Courageous Calvinism and Paleoconservatism

John Calvin

I attend a conservative, biblically-based, doctrinally sound (based upon received and tested tradition) Presbyterian church. Many of my Baptist friends might assume that there can be no such thing as an authentic Christian Presbyterian church. In the Baptist tradition, there was a time, in the late 1960s, when liberal elements expunged Reformed and Calvinist aspects. Some of this was restored in the conservative resurgence in the SBC in the late 1970s and 80s, but most Baptists are not fully aware of their Reformed and Calvinistic roots. It is understandable not to see the possibility that a conservative branch of Reformed cousins exists in at least one of the Presbyterian denominations. It does exist, honest; but I digress.

Does Calvinism hold more memories than promises? I suggest it is not a mere memory. Reactionary Calvinism, based upon the traditions and the truths from which those traditions derive is the key to solving our religious decline in the culture and to address our difficulty in defining what authentic conservatism ought to look like in the public square. The megachurch will not do it, dead Christianity will not, hopes placed in feckless and foundationless political parties will not. A return to the traditional principles and courageousness of our Calvinist roots might – God willing.

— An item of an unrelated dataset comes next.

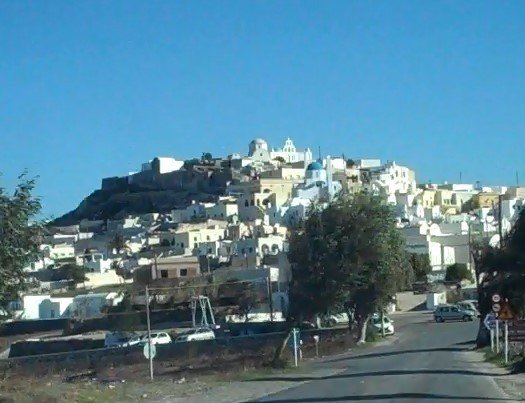 Pyrgos exo plateia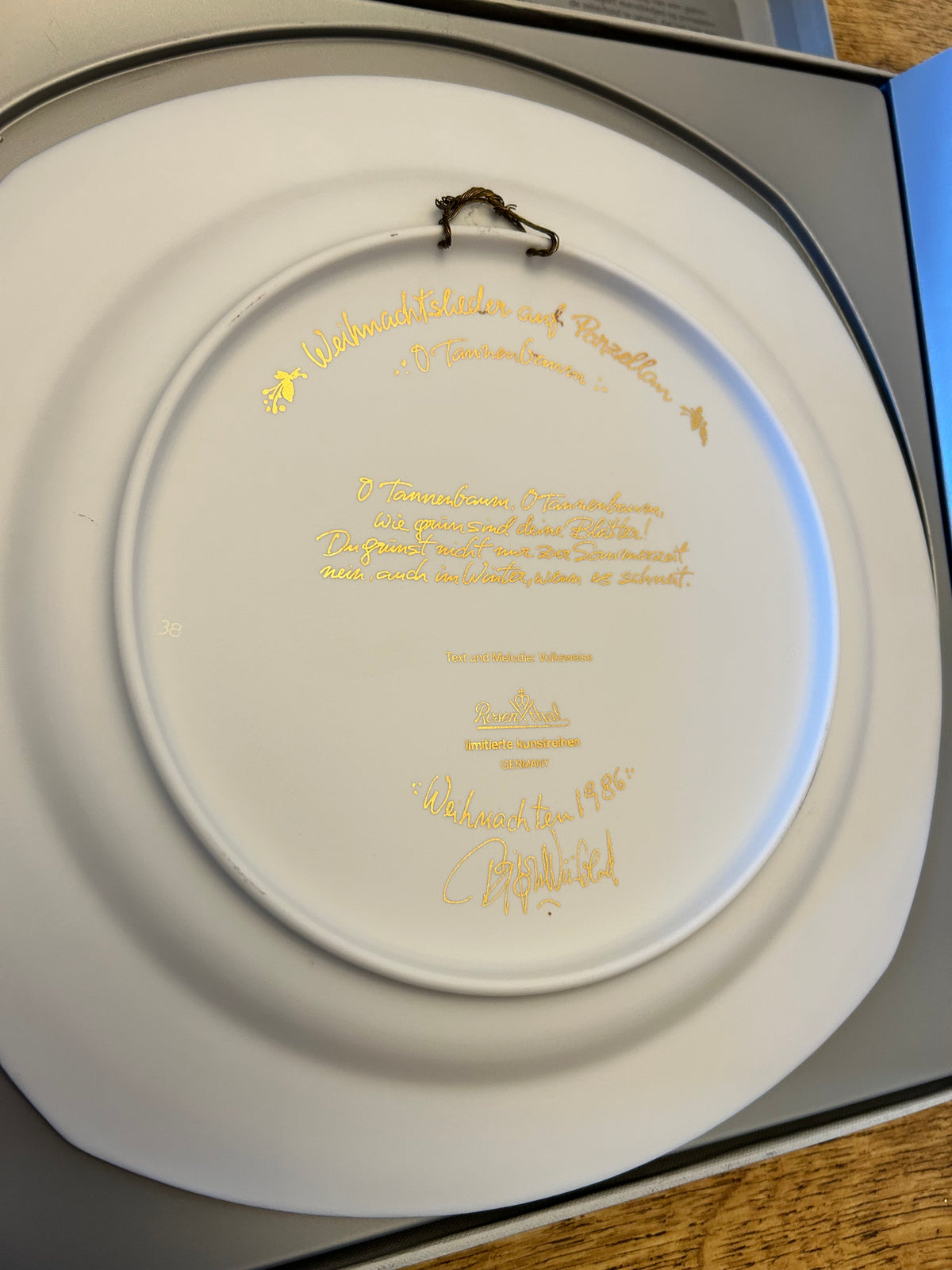 Set of 6 Limited Edition Vintage Rosenthal Bjørn Wiinblad "Christmas Carols on Porcelain" Plates - Boxed with COAs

Jarod Longshore recently opined, “[a] cowardly Calvinist is an illogical thing. I don’t say that it is a thing that does not exist. Sadly, regrettably, shockingly, it does exist. But it shouldn’t.” Read his entire post.

We need a renewal of a sparse, sincere rebellion – against sin, against the compromise of the glory of God, against the status quo, against the ‘wisdom’ of the world and against the absurdity that is all around us. Confident, courageous and certain that the Word of God is our life, guide, and answer to the needs of this world. Our difficulties in the culture and our fecklessness in politics are the results of many things; true. However, if there is any hope to fix it we need to consider the words of Paul, as he departed the Ephesian elders:

18 And when they came to him, he said to them: “You yourselves know how I lived among you the whole time from the first day that I set foot in Asia, 19 serving the Lord with all humility and with tears and with trials that happened to me through the plots of the Jews; 20 how I did not shrink from declaring to you anything that was profitable, and teaching you in public and from house to house, 21 testifying both to Jews and to Greeks of repentance toward God and of faith in our Lord Jesus Christ. 22 And now, behold, I am going to Jerusalem, constrained by the Spirit, not knowing what will happen to me there, 23 except that the Holy Spirit testifies to me in every city that imprisonment and afflictions await me. 24 But I do not account my life of any value nor as precious to myself, if only I may finish my course and the ministry that I received from the Lord Jesus, to testify to the gospel of the grace of God. 25 And now, behold, I know that none of you among whom I have gone about proclaiming the kingdom will see my face again. 26 Therefore I testify to you this day that I am innocent of the blood of all, 27 for I did not shrink from declaring to you the whole counsel of God. 28 Pay careful attention to yourselves and to all the flock, in which the Holy Spirit has made you overseers, to care for the church of God, which he obtained with his own blood. 29 I know that after my departure fierce wolves will come in among you, not sparing the flock; 30 and from among your own selves will arise men speaking twisted things, to draw away the disciples after them. 31 Therefore be alert, remembering that for three years I did not cease night or day to admonish every one with tears. 32 And now I commend you to God and to the word of his grace, which is able to build you up and to give you the inheritance among all those who are sanctified.

Acts 20 (ESV)

Robert Godfrey spoke to this issue at the Reformed Bible College. Highlights from the talk in the video below include: Christianity no longer has the influence on the culture it once had; however, Christianity is not in decline; God is at work in the world; Americans are often fixed within; Catholicism abandoned tradition; Evangelicalism no better off. American needs a return to Courageous Calvinism.

  • Confident
  • Christ-centered
  • Comprehensive
  • Coherent
  • Caring

What does this have to do with paleoconservative, or traditional conservatism – that thing way on the fringe that sees the Republican party and mainstream ‘conservatives’ as useful idiots in the progressive agenda? Everything!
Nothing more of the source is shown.